Must contain the following information about the vertical C-grid discretization

hgriddata[“tmask3d”]: DataArray (z_t, y, x) 3D mask for T-points using the NEMO masking convention (False = masked point)

to_varname: String (optional, default = “to”)

Netcdf variable name for the potential or conservative temperature Can be found using ncdump -h your_file.nc

so_varname: String (optional, default = “so”)

Netcdf variable name for the practical or absolute salinity Can be found using ncdump -h your_file.nc

vert_dim: String (optional, default = “deptht”)

Dimension name for the vertical (k) axis. Can be found using ncdump -h your_file.nc

i_dim: String (optional, default = “x”)

Dimension name for the i axis. Can be found using ncdump -h your_file.nc

j_dim: String (optional, default = “y”)

Dimension name for the j axis. Can be found using ncdump -h your_file.nc

Returns

tsdata: Dictionary

Contains the following information about the ocean temperature and salinity

tsdata[“to”]: DataArray (time, z_t, y, x) Potential or conservative temperature

tsdata[“so”]: DataArray (time, z_t, y, x) Practical or absolute salinity

surf.find_omega_surfs(tsdata, neutralgrid, zgriddata, zpins, ipins, jpins, tpins, eos='gsw', ITER_MAX=10, calc_veronis=True, calc_potsurf=True, ver_ref=0.0, pot_ref=0.0, **kwargs)

Calculate omega surfaces with a fixed point at a specific locations in time and space. There are options to also calculate the veronis density and/or the intersecting potential density surfaces for labelling or reference.

Parameters

tsdata: Dictionary

Can be generated using load_tsdata, Must contain the following information about the ocean temperature and salinity.

tsdata[“to”]: DataArray (time, z_t, y, x) Potential or conservative temperature (depending on the equation of state, see eos argument)

tsdata[“so”]: DataArray (time, z_t, y, x) Practical or absolute salinity (depending on the equation of state, see eos argument)

neutralgrid: Dictionary

(Description below from NeutralOcean documentation) Can be generated using build_nemo_hgrid Must contain the following:

edgestuple of length 2

Each element is an array of int of length E, where E is the number of edges in the grid’s graph, i.e. the number of pairs of adjacent water columns (including land) in the grid. If edges = (a, b), the nodes (water columns) whose linear indices are a[i] and b[i] are adjacent.

dist1d array

Horizontal distance between adjacent water columns (nodes). dist[i] is the distance between nodes whose linear indices are edges[0][i] and edges[1][i].

distperp1d array

Horizontal distance of the face between adjacent water columns (nodes). distperp[i] is the distance of the interface between nodes whose linear indices are edges[0][i] and edges[1][i].

zgriddata: Dictionary

Can be generated using load_zgriddata Must contain the following information about the vertical C-grid discretization

hgriddata[“deptht”]: DataArray (z_t, y, x) Depth of the T-points

zpins: List of floats

Depths of the fixed points

ipins: List of integers

i-indices of the fixed point

jpins: List of integers

j-indices of the fixed point

tpins: List of integers

time indices of the fixed point

eos: String or Function or Tuple of Functions (optional, default=”gsw”)

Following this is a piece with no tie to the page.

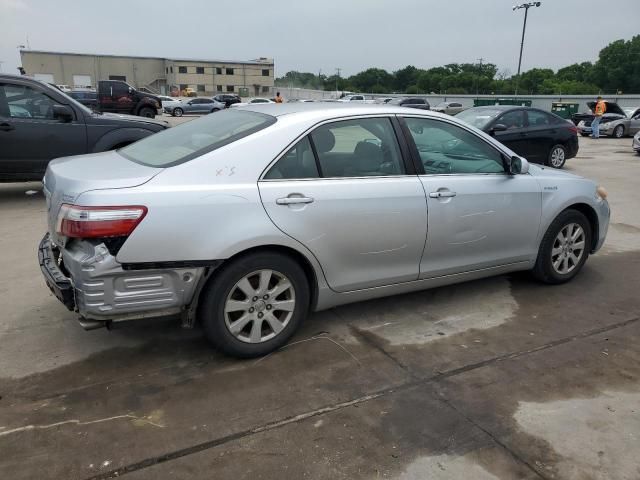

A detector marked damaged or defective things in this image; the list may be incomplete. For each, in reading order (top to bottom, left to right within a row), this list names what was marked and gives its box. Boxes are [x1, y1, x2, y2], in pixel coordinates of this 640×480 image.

missing taillight area [56, 204, 148, 238]
damaged rear bumper [38, 233, 210, 324]
crack in pavement [82, 316, 636, 480]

Specification for the equation of state.

The definitions of temperature (potential vs conservative) and salinity (practical vs absolute) must match the equation of state. By default the “gsw” equation of state is used which depends on# absolute salinity and conservative temperature.

Two premade options from NeutralOcean are described below:

“gsw” - TEOS-10 Gibbs Sea Water “jmd95” - Jackett and McDougall 1995 equation of state

(Description below from NeutralOcean documentation) If a str, can be any of the strings accepted by neutralocean.eos.tools.make_eos, e.g. ‘jmd95’, ‘jmdfwg06’, ‘gsw’.

If a function, must take three inputs corresponding to S, T, and P, and output the density (or specific volume). This form is not allowed when diags is True. This can be made as, e.g., eos = neutralocean.eos.make_eos(‘gsw’) for a non-Boussinesq ocean, or as eos = neutralocean.eos.make_eos(‘gsw’, grav, rho_c) for a Boussinesq ocean with grav and rho_c (see inputs below).

If a tuple of functions, the first element must be a function for the equation of state as above, and the second element must be a function taking the same three inputs as above and returning two outputs, namely the partial derivatives of the equation of state with respect to S and T. The second element can be made as, e.g., eos_s_t = neutralocean.eos.make_eos_s_t(‘gsw’, grav, rho_c)

The function (or the first element of the tuple of functions) should be @numba.njit decorated and need not be vectorized – it will be called many times with scalar inputs.

ITER_MAX: Integer (option, default=10)

Maximum number of iterations for omega surface calculation.

ITER_MINInteger (option, default=1)

Minimum number of iterations for omega surface calculation.

calc_veronis: Logical (default=True)

Calculate the Veronis density of each surface at their respective fixed location in time and space

calc_potsurf: Logical (default=True)

Calculate the potential density surface which intersects the fixed point location in space and time. If you set ITER_MAX=0 while calc_potsurf=True, only potential density surfaces will be calculated.

ver_ref:

Reference depth for the calculation of the Veronis density (if calc_veronis = True)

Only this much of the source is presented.